Ertesi hafta içeride Konyaspor maçı vardı. Düşme tehlikesini iliklerinde hisseden Konyaspor’a karşı sarı lacivertliler iki santrforlarıyla sonuca gittiler, ilk yarıda Niang, 2. Yarıda Semih maçı 2-0 a bağlarken korkulan çelme yine yaşanmamıştı. Ama Trabzon’da her hafta kazanmaya devam ediyor, fark bir türlü açılamıyordu. Zaten liderliğe ulaşmadan da hep Sivas veya Manisa gibi maçlarda son dakika golleriyle maçı kurtarmışlardı. Şimdi de bu galibiyet dizisi sürüp gidiyordu.
Sonra sıra kim ne derse desin “büyük” bir maça geldi. O anda ligde kaçıncı olursa olsun, Galatasaray, Fenerbahçe karşısında daima bir tehlikeydi. Hem de son 10 yılın ağır sarı-lacivert hegemonyası altında süren istatistiklerine rağmen. Maç sarı-kırmızılıların henüz yenilgi yüzü görmedikleri yeni “Telekom Arena” adıyla anılan, resmi adı çelişkili stadlarında oynanacaktı. Bu arada Fenerbahçe’ nin anlaşılmaz şekilde Cimbom’a hediye olarak yolladığı Kazım, ilk defa Fener’e karşı yeni formasıyla oynayacaktı. Maç hızlı başladı. Kazım da golünü atıp Aykut hoca’nın kulübesine doğru hareketlenince, gerilim daha da arttı. Yoksa Fenerli yöneticiler bizim bilmediğimiz şeyleri biliyor, Kazım’ın bu gereksiz dengesizliklerinin boyutlarını mı hesaplıyorlardı? Sonuçta çok saçma bir davranıştı bu ve Kazım’ın içinde o iç hesaplaşmaların henüz çözümlenemediğini gösteriyordu. Maç bu skorla 2. Yarının 2. Yarısına kadar taşınırken, Arena keyiften yıkılıyor, seyirciler sezonun pansumanını bu maçla yapacaklarını umuyorlardı. Taa ki Alex 75. dakikada o frikiğin başına geçene kadar. Alex’in kan kardeşi Semih, kaptan’ın yanına gitti ve “öne kes gerisini bana bırak” dedi.
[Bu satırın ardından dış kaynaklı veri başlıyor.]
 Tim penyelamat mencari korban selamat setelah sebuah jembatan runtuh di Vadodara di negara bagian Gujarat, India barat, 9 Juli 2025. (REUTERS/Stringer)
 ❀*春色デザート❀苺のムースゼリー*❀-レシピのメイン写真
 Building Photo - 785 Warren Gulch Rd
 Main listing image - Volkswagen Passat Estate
Alex siparişi milimetresine kadar buyur edince Semih fırlayıp vurdu kafayı: 1-1! Sonra bu golün şaşkınlığı geçmeden sağdan Gökhan Gönül’ün kestiği ortaya Alex o mütevazı boyuyla onca stoper ve bek arasından o “falsolu” kafayı köşeye nasıl yollayabildi, hala Arenada bunu anlayabildiklerini sanmıyorum! 4 dakika sonra maç bitmiş, sarı lacivertliler yine inanılmazı başarmışlardı. “Adresin farklı, kaderin aynı” tişörtleri bu durum için önceden üretilmişti ve hemen giyildiler. Yorumsuz…
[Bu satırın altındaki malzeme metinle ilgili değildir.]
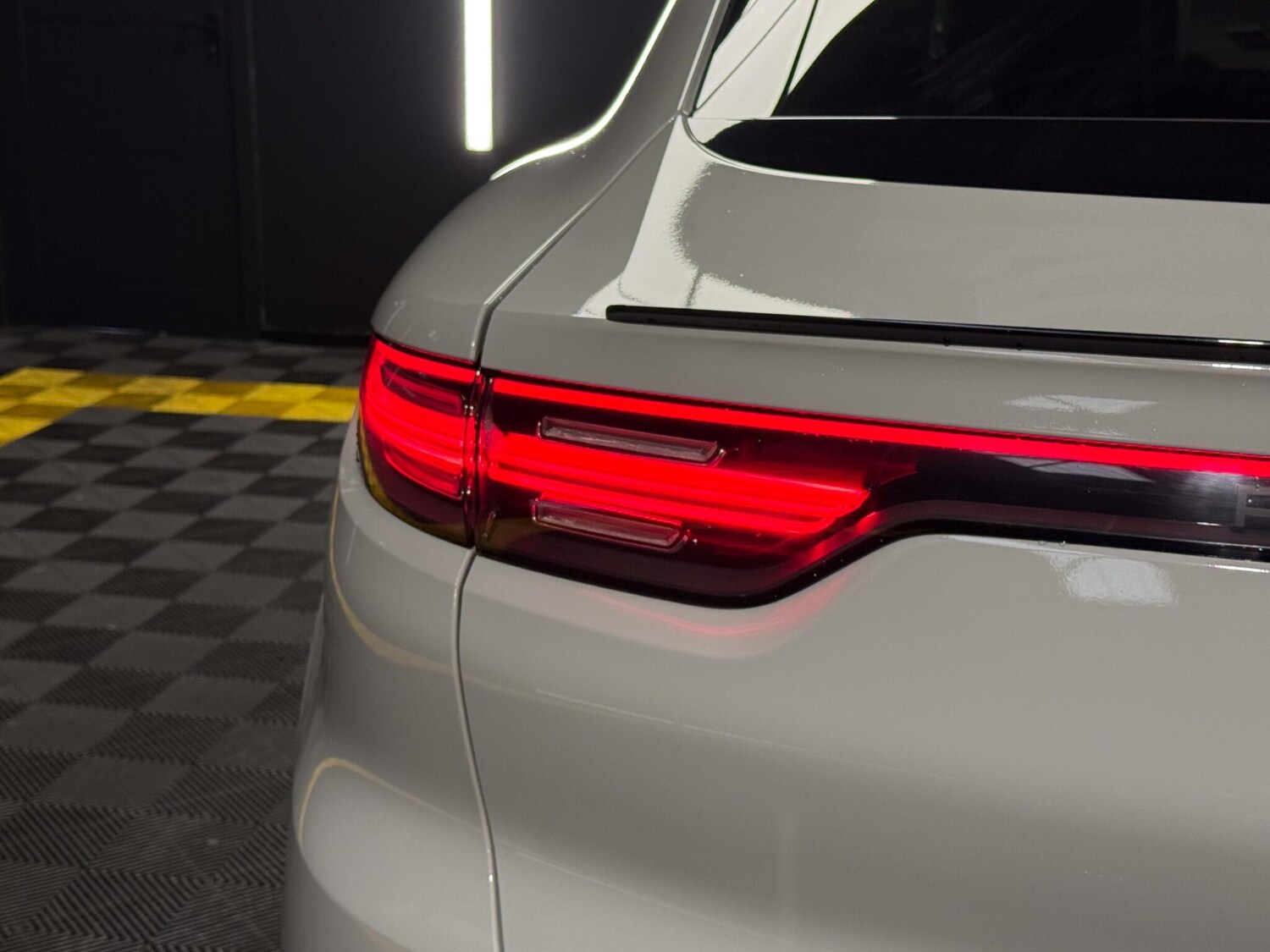 Used Porsche Cayenne 2020 for sale - 77696094: Photo 10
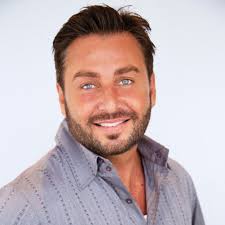 Smilin' Philly Phil DeMarco passed away this week from complications from  Covid that led to a heart attack... that makes a dozen friends and family  lost to Covid. Phil played drums for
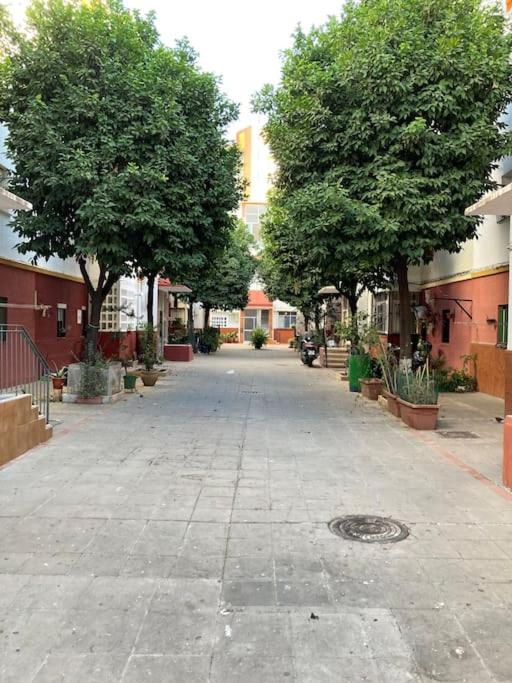 Barrio De Triana - Bidasoa Facil Aparcamiento Sevilla Exteriér fotografie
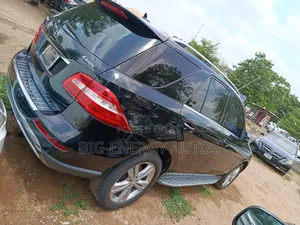 Mercedes-Benz M Class ML350 4dr SUV (3.5L 6cyl 7A) 2014 Black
Ardından sıra Bursaspor maçına geldi. Beşiktaş ve Cimbom’u deplasmanda yendikten sonra, Bursasporla geçen yıldan kalan hesaplaşma vardı. Ama olmadı işte o maç. Üst üste gelen 10 galibiyetten sonra seri duruverdi. Verilmeyen penaltı iddialarını gündeme taşımak bir işe yaramazdı. O hafta Konya yı 1-0 yenen Trabzon, liderlik koltuğuna tekrar oturuverdi. Bitime 7 hafta kala ipler tekrar Trabzon’un eline geçivermişti. Başa gelen çekilecek, tekrar umutla bir Trabzon puan kaybı beklenecekti.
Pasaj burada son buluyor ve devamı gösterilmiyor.